*Entries provided:*

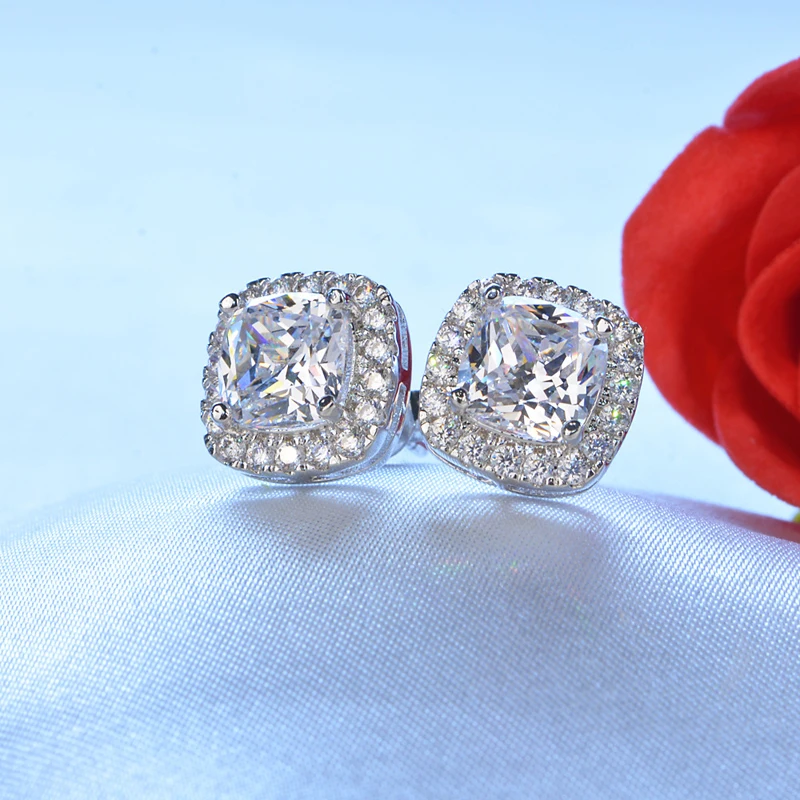 Sent Silver Certificate! YINHED Princess Square Cubic Zirconia Stud Earrings for Women 100% 925 Wedding Jewelry ZE083 | Украшения и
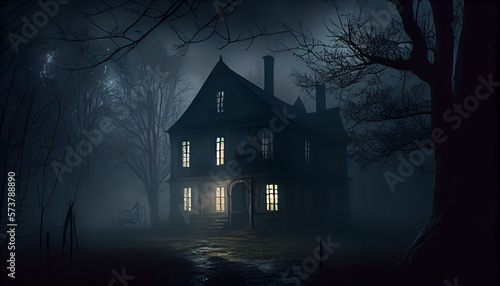 Haunted house in the woods, scary at night, Generative AI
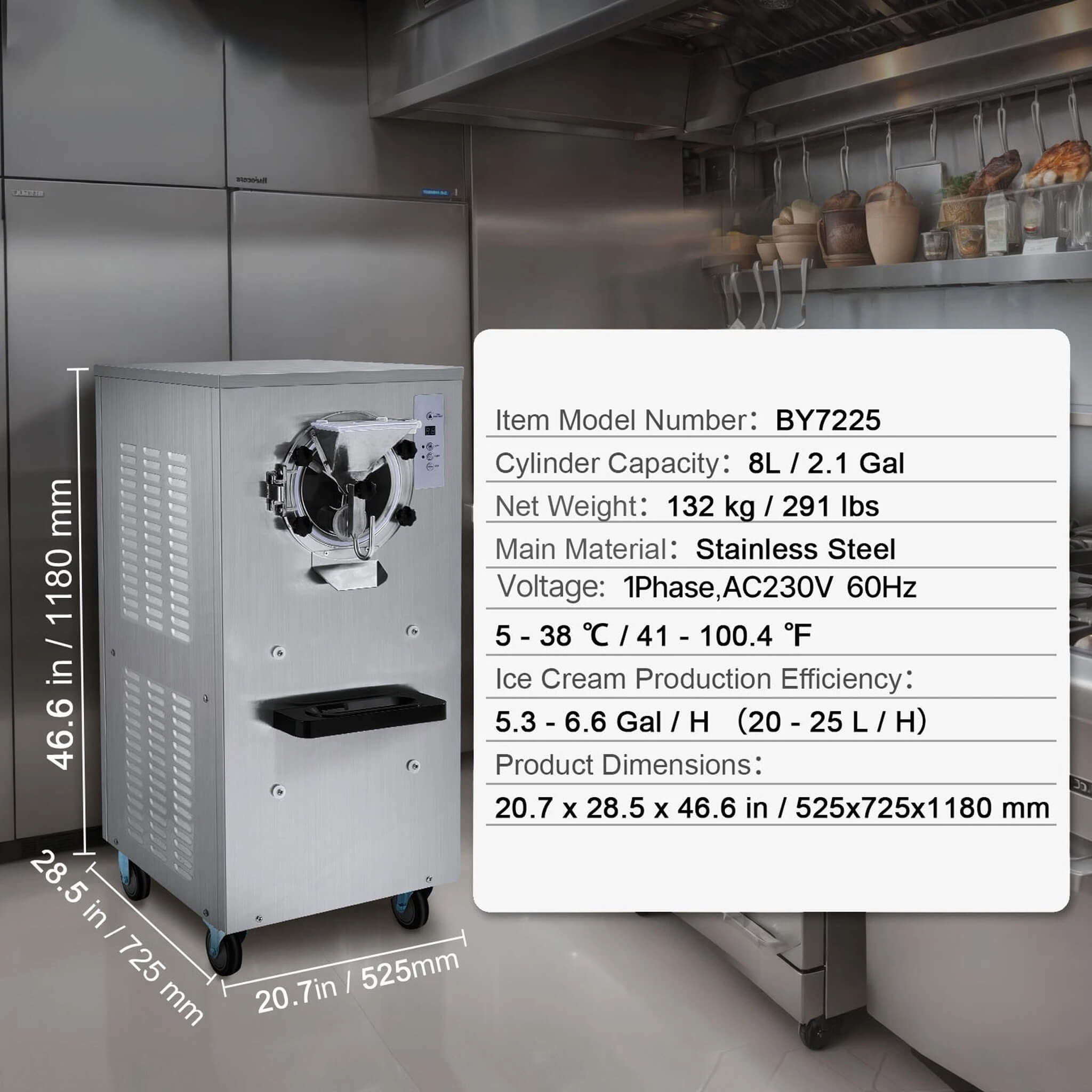 Commercial 20-25L/H Single-Flavor Hard Serve Stainless Steel Ice Cream Machine (SAK20782) – SAKSBY WHOLESALE, view 9
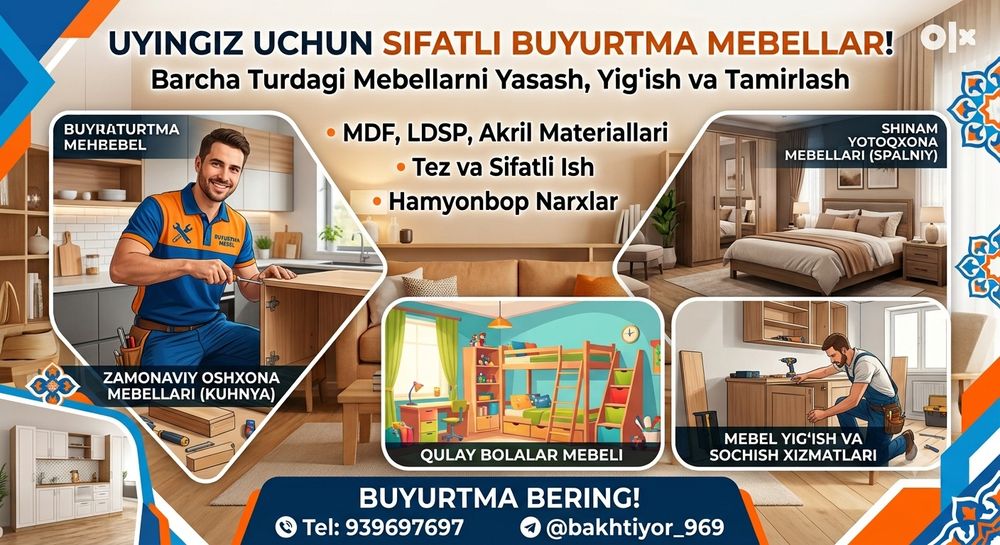 Sifatli Mebel Yasash va Tamirlash Xizmati — Hammasi Bir Joyda!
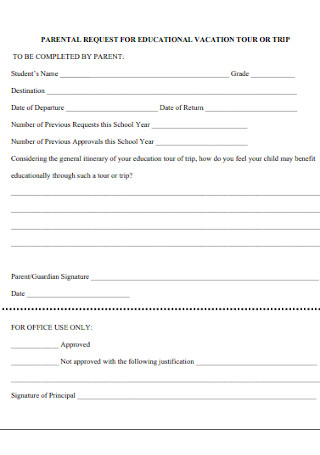 Educational Vacation Request Form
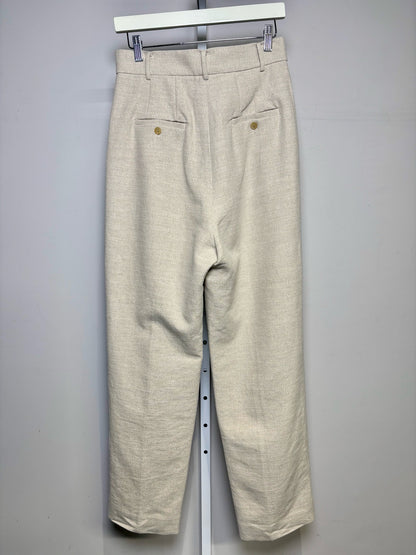 Women Size M Frankie Shop Beige Linen, Cotton Blend Women's Pre-owned Pants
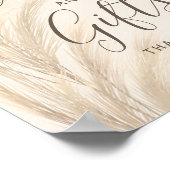 Boho zomerpampas Kaart cadeaus voor de bruiloft me Poster (Hoek)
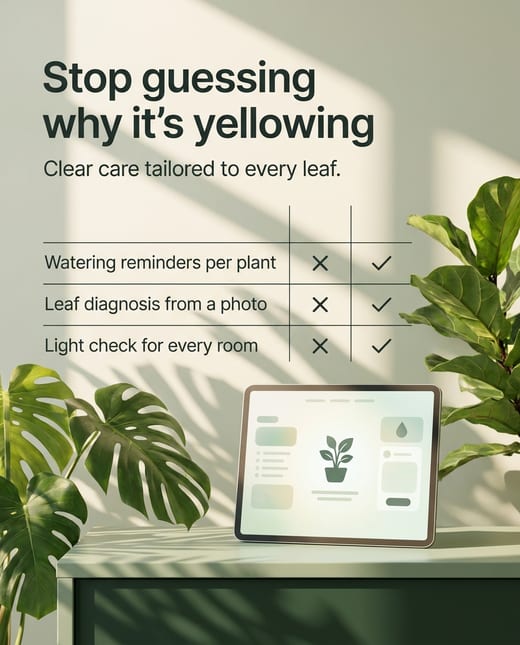 Comparison chart ad: a plant care app with ticks and crosses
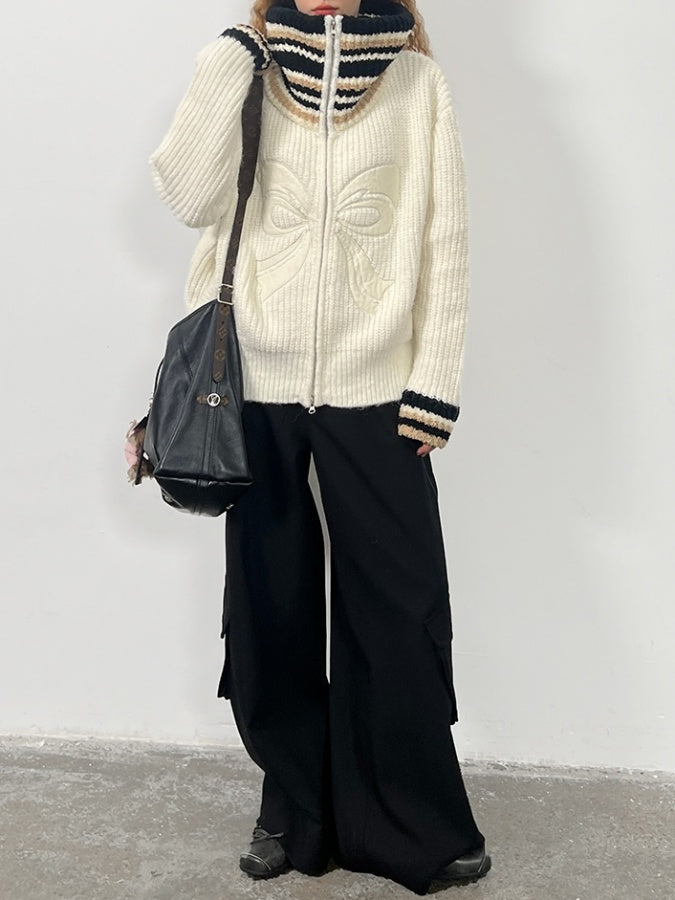 大領針織開襟衫 X2969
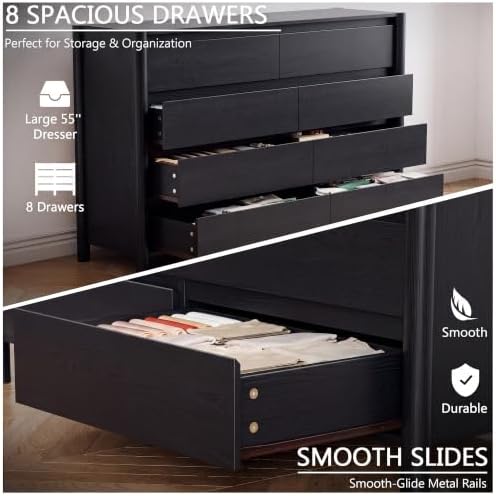 HOUROM Black Dresser for Bedroom,55" Wide 8 Drawer Mid Century Modern Chest - Image 5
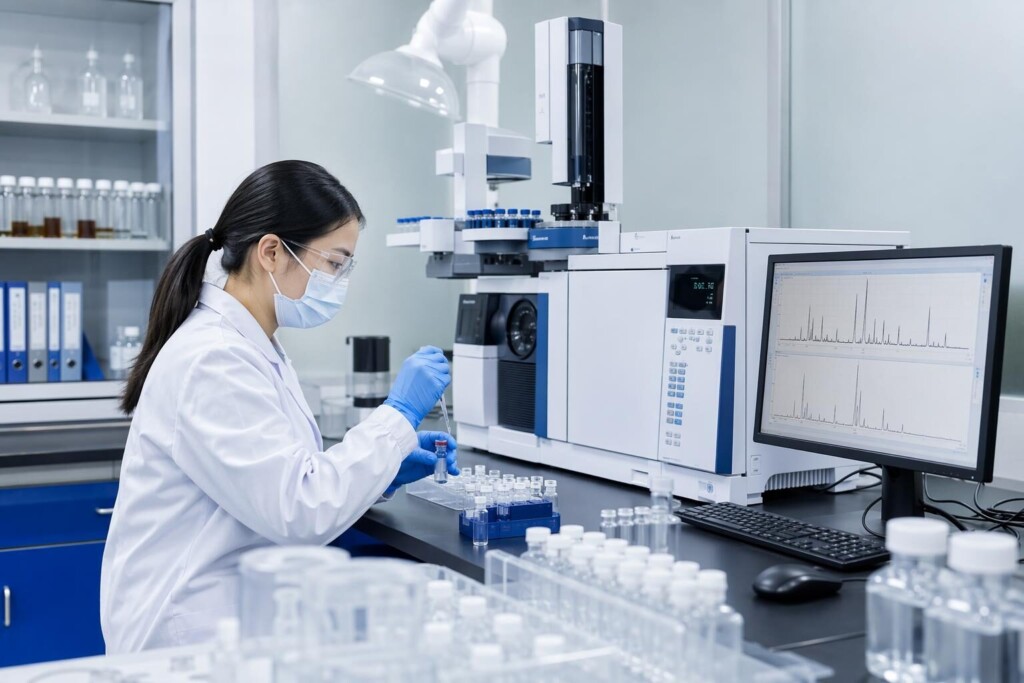 A laboratory analyst prepares samples beside chromatography equipment for identity and composition testing.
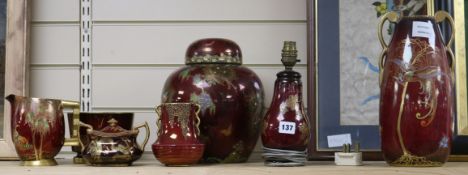 Carlton Ware red mottled lustre - a Paradise bird & tree ginger jar and cover, three vases, a lamp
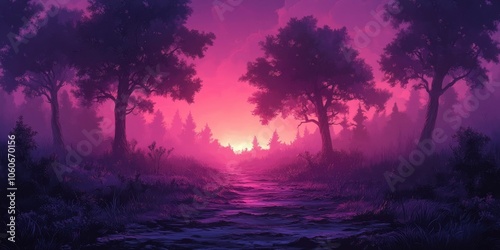 A Forest Path Under a Purple Sunset Sky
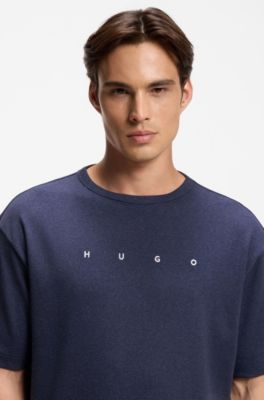 T-shirt del pigiama in misto cotone con logo ricamato, Blu scuro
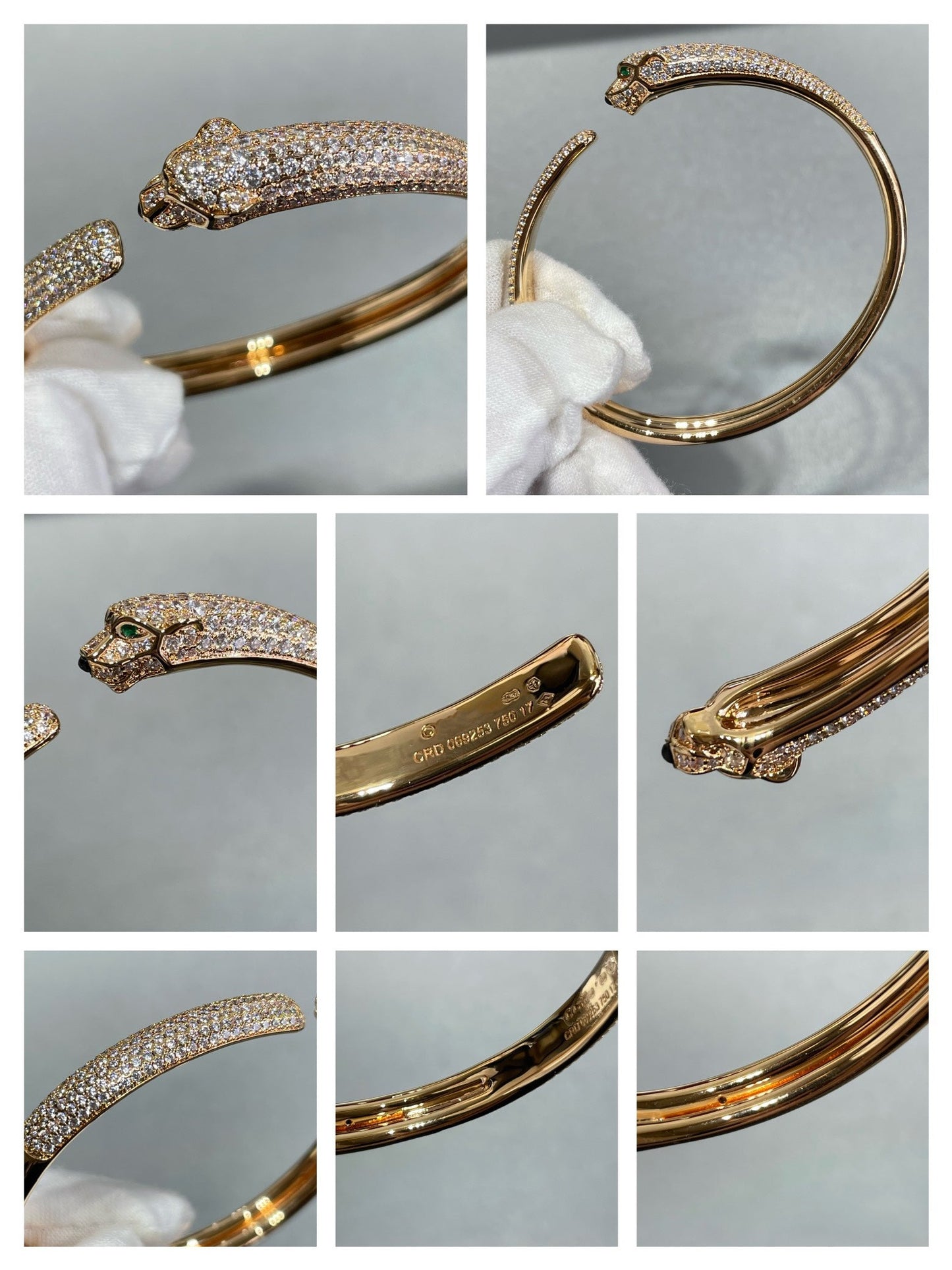 [Windsor Jewelry]PANTHERE FULL DIAMOND OPEN BRACELET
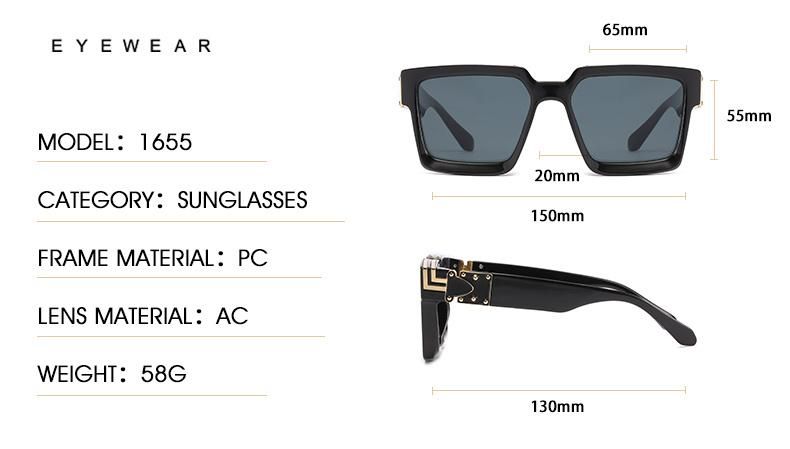 Large-Frame Sunglasses with Green Markings, The Same Model with Sunglasses, Cross-Border Foreign Trade Street Photography Catwalk Glasses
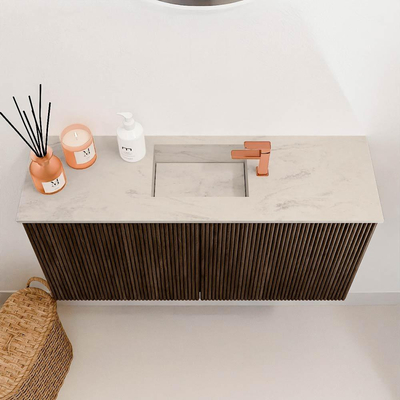 Mondiaz JOYA-DLUX 80cm toiletmeubel - kleur Walnut - Wastafel FAYE positie Midden 1 kraangat kleur Opalo.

*What the exercise asks:*
Print all data above verbatim, except pictures.

*Task solution:*
 Sent Silver Certificate! YINHED Princess Square Cubic Zirconia Stud Earrings for Women 100% 925 Wedding Jewelry ZE083 | Украшения и
 Haunted house in the woods, scary at night, Generative AI
 Commercial 20-25L/H Single-Flavor Hard Serve Stainless Steel Ice Cream Machine (SAK20782) – SAKSBY WHOLESALE, view 9
 Sifatli Mebel Yasash va Tamirlash Xizmati — Hammasi Bir Joyda!
 Educational Vacation Request Form
 Women Size M Frankie Shop Beige Linen, Cotton Blend Women's Pre-owned Pants
 Boho zomerpampas Kaart cadeaus voor de bruiloft me Poster (Hoek)
 Comparison chart ad: a plant care app with ticks and crosses
 大領針織開襟衫 X2969
 HOUROM Black Dresser for Bedroom,55" Wide 8 Drawer Mid Century Modern Chest - Image 5
 A laboratory analyst prepares samples beside chromatography equipment for identity and composition testing.
 Carlton Ware red mottled lustre - a Paradise bird & tree ginger jar and cover, three vases, a lamp
 A Forest Path Under a Purple Sunset Sky
 T-shirt del pigiama in misto cotone con logo ricamato, Blu scuro
 [Windsor Jewelry]PANTHERE FULL DIAMOND OPEN BRACELET
 Large-Frame Sunglasses with Green Markings, The Same Model with Sunglasses, Cross-Border Foreign Trade Street Photography Catwalk Glasses
 Mondiaz JOYA-DLUX 80cm toiletmeubel - kleur Walnut - Wastafel FAYE positie Midden 1 kraangat kleur Opalo.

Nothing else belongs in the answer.